Geraldine Sharpe (1929–1968), also known as Gerry Sharpe, was an American photographer. She had worked as an assistant to Ansel Adams. Sharpe's two major bodies of work include photographs of landscapes, and of Ghana (from 1962).

== Biography ==
Geraldine Sharpe was born in 1929 in Trenton, New Jersey. She attended the California School of Fine Arts (now San Francisco Art Institute), where she graduated in 1956. She studied under Pirkle Jones and Bill Quandt. While in school, her film camera was a Zeiss Ikon 120.

After graduation she worked as a photo assistant for Ansel Adams between 1957 until 1962. Many of her landscape photos were taken at the same locations as Adams, however her work had more dark tonal qualities and appeared "tragic" in subject and composition.

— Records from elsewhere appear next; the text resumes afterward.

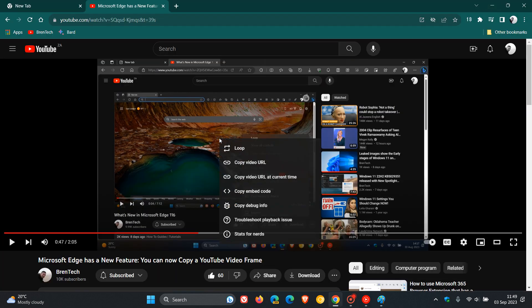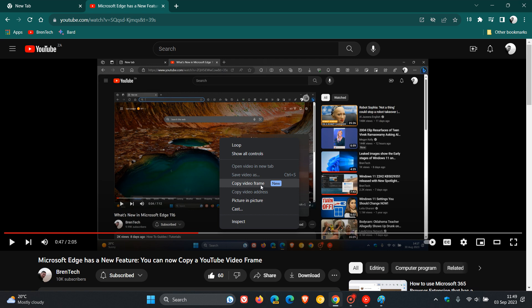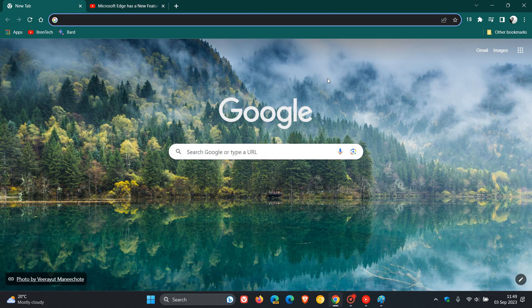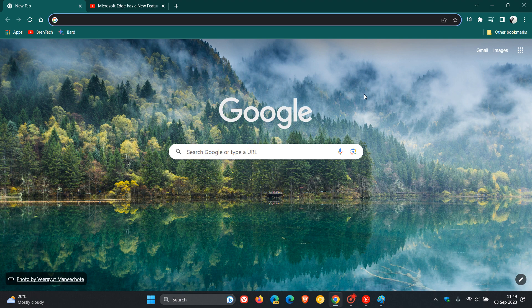So just putting it out there that it's also available now in Google Chrome, double right click, copy video frame, that feature is available now in Chrome version 116 which is also the latest version and that's in version 116 of Edge and Google Chrome.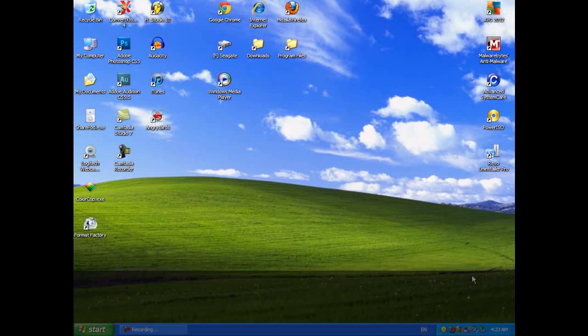Now this is going to be for Windows XP. If you have questions about Windows 7, I will have the information in the description box. Please check there before sending messages asking questions about Windows 7. I don't have this on my Windows 7 computer, so this is what I have to work with.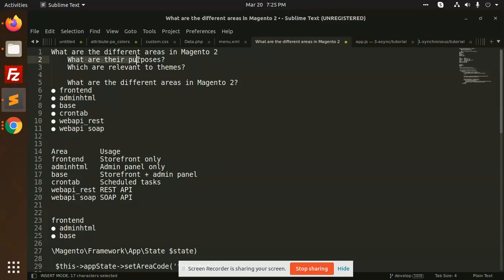So what are their purposes? Where are they going to be used? Frontend is for the storefront only. Like suppose we have a route that you want to be applicable only for the frontend, so you can set that area for the frontend only. And for the admin panel, you can use the adminHTML.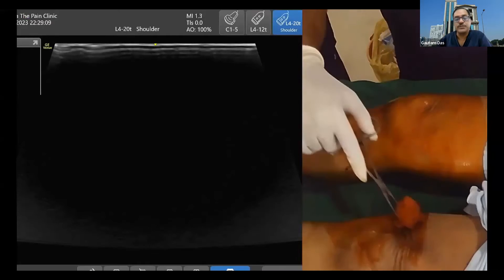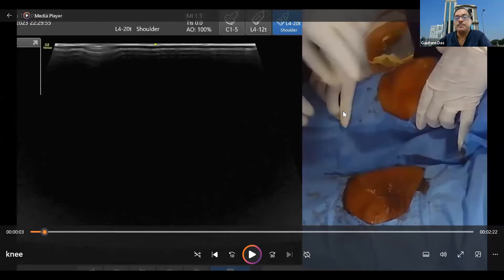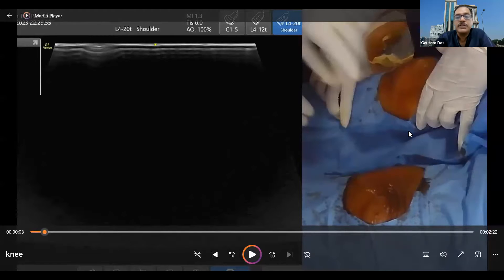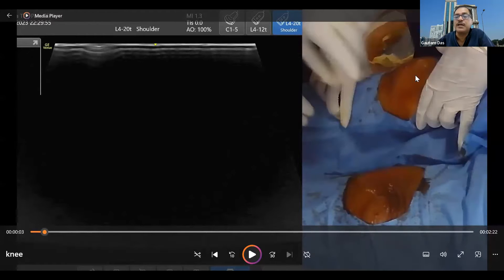First, look at the patient position. What is the patient position? The knee is extended and a little bit externally rotated. When we are doing aspiration in the suprapatellar recess, the knee is around 30 to 45 degrees flexed. But here the knee is extended, with maybe a slight flexion around 5 degrees.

In 1962, she was awarded the Guggenheim Fellowship for photography, which was used to work in Ghana. In 1967, she helped co-found the Friends of Photography in Carmel, California. At the time of her death in 1968 she was the director of photography at the Francis du Pont Winterhur Museum (now Winterthur Museum, Garden and Library) in Delaware.

She died on December 29, 1968, in West Chester, Pennsylvania, after a short illness at the age of 39. Her work is part of the museum collection at the Monterey Museum of Art.